Short web captions:
********

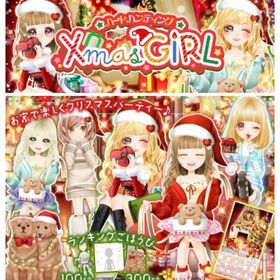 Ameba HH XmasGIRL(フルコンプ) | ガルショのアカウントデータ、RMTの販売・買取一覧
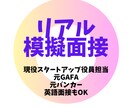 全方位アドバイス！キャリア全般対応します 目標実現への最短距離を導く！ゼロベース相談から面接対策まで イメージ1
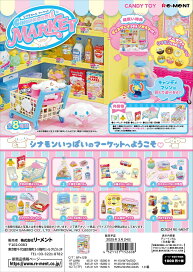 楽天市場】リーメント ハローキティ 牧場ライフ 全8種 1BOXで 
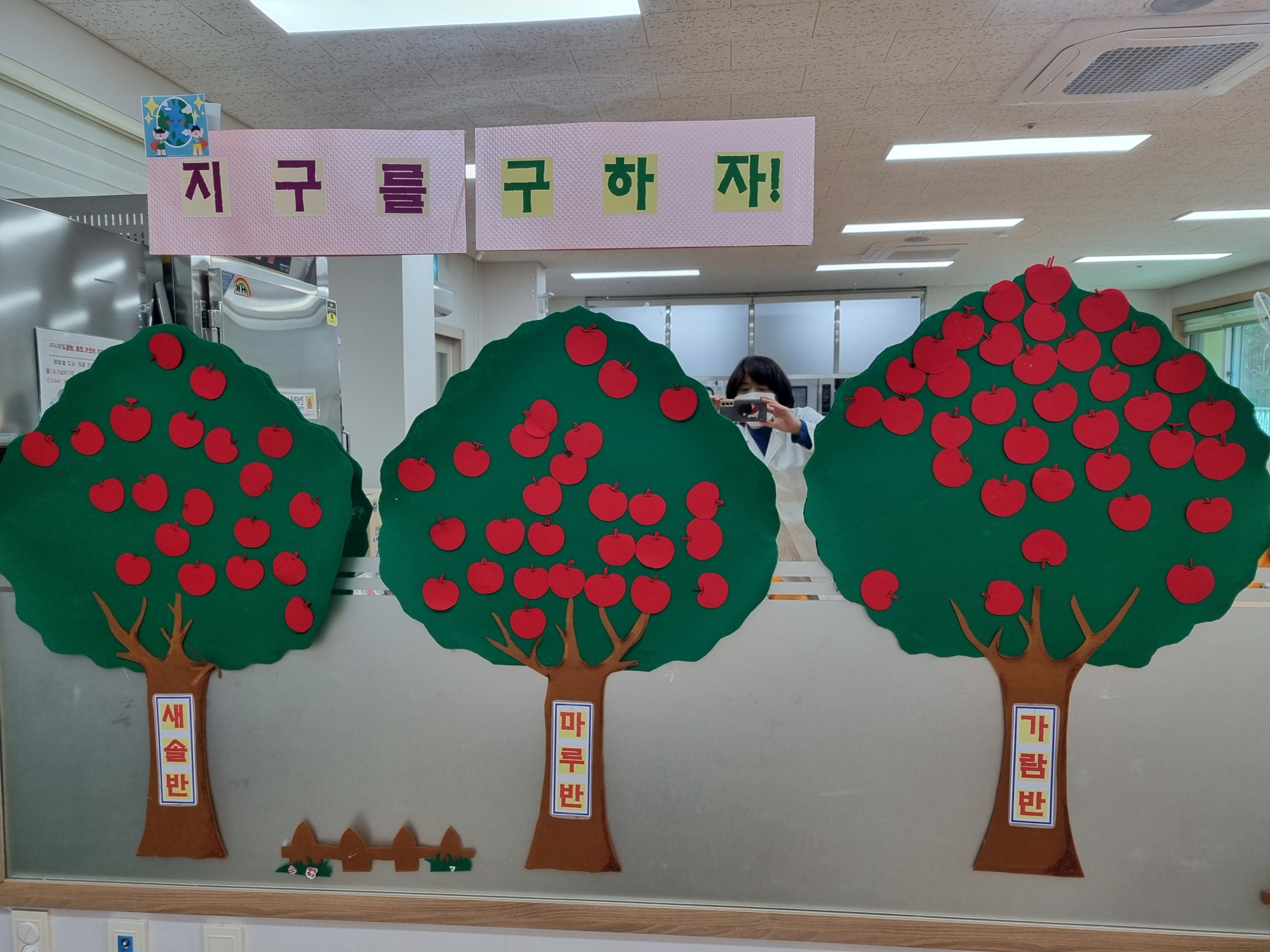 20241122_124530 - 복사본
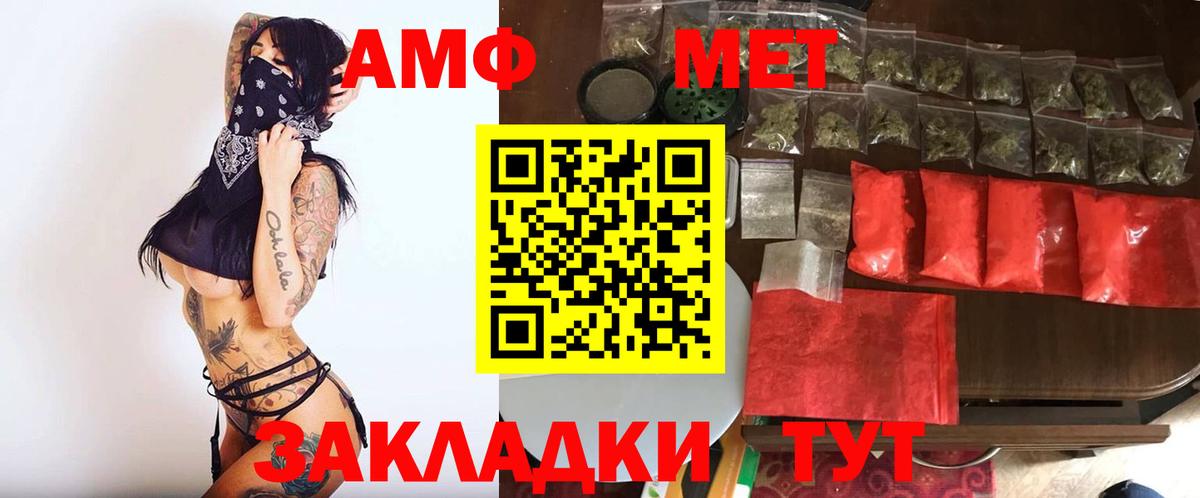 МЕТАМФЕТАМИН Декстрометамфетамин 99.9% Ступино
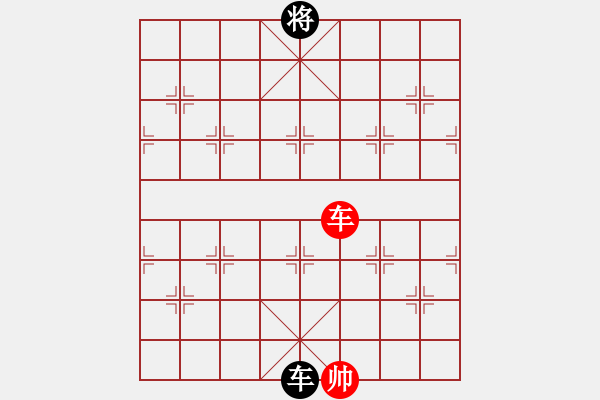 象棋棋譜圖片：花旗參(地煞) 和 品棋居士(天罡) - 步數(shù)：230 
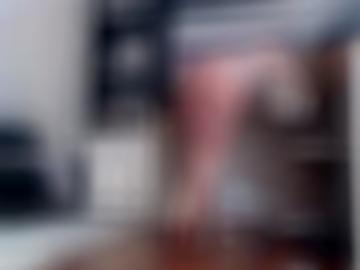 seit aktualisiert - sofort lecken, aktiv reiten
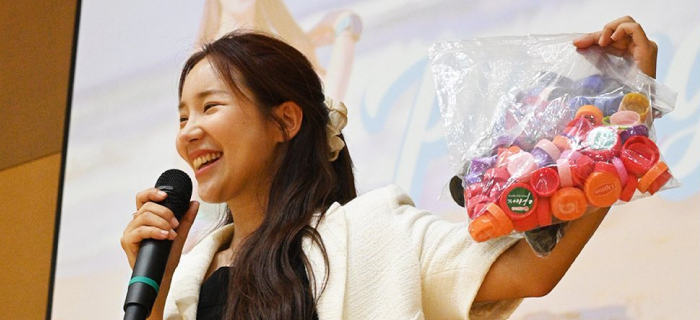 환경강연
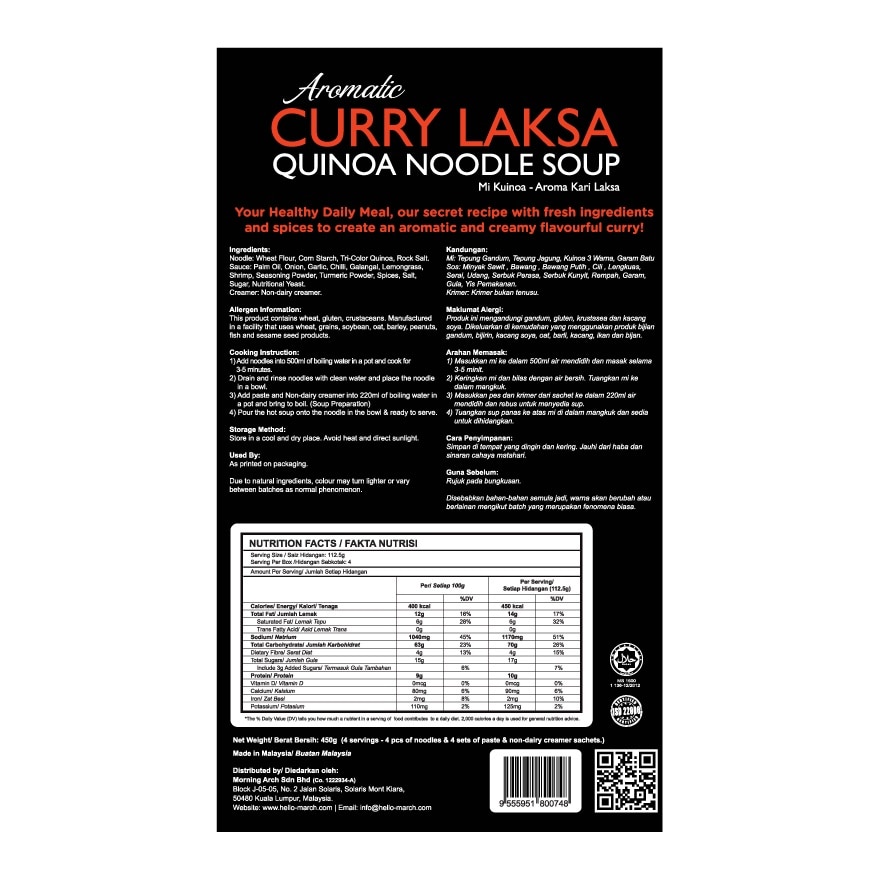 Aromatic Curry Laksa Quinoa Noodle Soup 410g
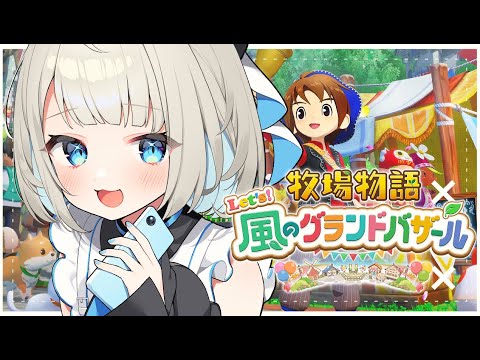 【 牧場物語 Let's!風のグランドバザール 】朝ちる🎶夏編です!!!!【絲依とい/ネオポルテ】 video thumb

********

- TASK:
Retype exactly the lines from the line containing "20241122_124530 - 복사본" through the end of the entries above, including both ends, and leave every picture out.

- SOLVED EXERCISE:
 20241122_124530 - 복사본
 МЕТАМФЕТАМИН Декстрометамфетамин 99.9% Ступино
 象棋棋譜圖片：花旗參(地煞) 和 品棋居士(天罡) - 步數(shù)：230 
 seit aktualisiert - sofort lecken, aktiv reiten
 환경강연
 Aromatic Curry Laksa Quinoa Noodle Soup 410g
 【 牧場物語 Let's!風のグランドバザール 】朝ちる🎶夏編です!!!!【絲依とい/ネオポルテ】 video thumb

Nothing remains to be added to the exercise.